From 2288a9a68175cec9f91afb52948ba585b690774b Mon Sep 17 00:00:00 2001
From: Jason Gunthorpe <jgg@mellanox.com>
Date: Thu, 5 Mar 2020 15:26:33 -0400
Subject: [PATCH 06/25] mm/hmm: return -EFAULT when setting HMM_PFN_ERROR on
 requested valid pages

hmm_range_fault() should never return 0 if the caller requested a valid
page, but the pfns output for that page would be HMM_PFN_ERROR.

hmm_pte_need_fault() must always be called before setting HMM_PFN_ERROR to
detect if the page is in faulting mode or not.

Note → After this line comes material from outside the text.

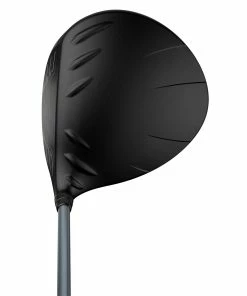 New And Used Ping G425 SFT Driver Golf Clubs -Golf Gloves Sales Store ping g425 sft driver 3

Fix two cases in hmm_vma_walk_pmd() and reorganize some of the duplicated
code.

Fixes: d08faca018c4 ("mm/hmm: properly handle migration pmd")
Fixes: da4c3c735ea4 ("mm/hmm/mirror: helper to snapshot CPU page table")
Reviewed-by: Ralph Campbell <rcampbell@nvidia.com>
Reviewed-by: Christoph Hellwig <hch@lst.de>
Signed-off-by: Jason Gunthorpe <jgg@mellanox.com>
---
 mm/hmm.c | 38 +++++++++++++++++++++-----------------
 1 file changed, 21 insertions(+), 17 deletions(-)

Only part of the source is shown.